Understand what PyBenchx measures and how it keeps numbers stable.

  • Clock: time.perf_counter_ns() when available (monotonic, high resolution).
  • Units: all internal measurements are in nanoseconds; the table formats them as ns/µs/ms/s.
  • Mean time: values in the table are per-call means (not totals per repeat).
  • Goal: run each repeat for roughly a time budget (--budget, split across repeats).
  • How: _calibrate_n grows n exponentially until close to the target, then refines with ±20% probes.
  • Cap: --max-n bounds the calibrated n.
  • Never lower than code-specified n: the final n for a variant is max(case.n, calibrated_n).
  • warmup executes untimed iterations to warm caches/CPU.
  • repeat controls how many per-call means are collected; more repeats lower variance.
  • Profiles:
    • fast: ~150ms per variant, repeat=10
    • thorough: ~1s per variant, repeat=30
    • smoke: no calibration, repeat=3, warmup=0
  • Before running: force a collection; CLI may call gc.freeze() when present.
  • During runs: GC is disabled in run_case to reduce interruptions; re-enabled at the end.
  • If your function’s first parameter is BenchContext (or named b/_b/ctx/context or annotated with BenchContext), it runs in “context” mode.
  • Context mode measures only the time between start() and end() on each iteration; you can do setup before/after without polluting timings.
  • If the function doesn’t actually call start()/end(), PyBenchx falls back to timing the whole call (like function mode).
  • Tip: avoid using instance methods for context mode because the first parameter would be self; prefer free functions where the first parameter can be BenchContext.
  • Function mode: everything inside the function call.
  • Context mode: only the accumulated deltas between start() and end(). Multiple pairs per iteration are allowed; nested calls are ignored—only the elapsed sums.
  • If calibration or warmup raises, the CLI catches and continues where reasonable; the variant may run with the code-specified n.
  • Discovery/import errors for a file stop that file’s cases from loading.
  • Percentiles: linear interpolation on sorted per-call means.
  • iter/s: computed as 1e9 / mean_ns with K/M suffixes.
  • vs base:
    • Choose baseline by baseline=True or by name heuristic (contains “baseline”/“base”).
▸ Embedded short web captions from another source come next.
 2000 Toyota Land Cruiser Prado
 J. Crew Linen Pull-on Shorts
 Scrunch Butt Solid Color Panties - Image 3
    • “≈ same” appears when the relative mean difference is ≤ 1%.
  • Sorting: --sort group|time within groups; --desc to invert.
  • Color: enabled only on TTY by default; disable with --no-color.
  • Header shows CPU, Python, clock resolution, total runtime, and the active profile/mode.
  • Use context mode to isolate hot code from setup.
  • Use --profile fast while iterating; --profile thorough when publishing.
  • Keep variants comparable within the same group and define a clear baseline.
  • Pin CPU frequency/turbo and run on quiet machines when seeking highly stable numbers.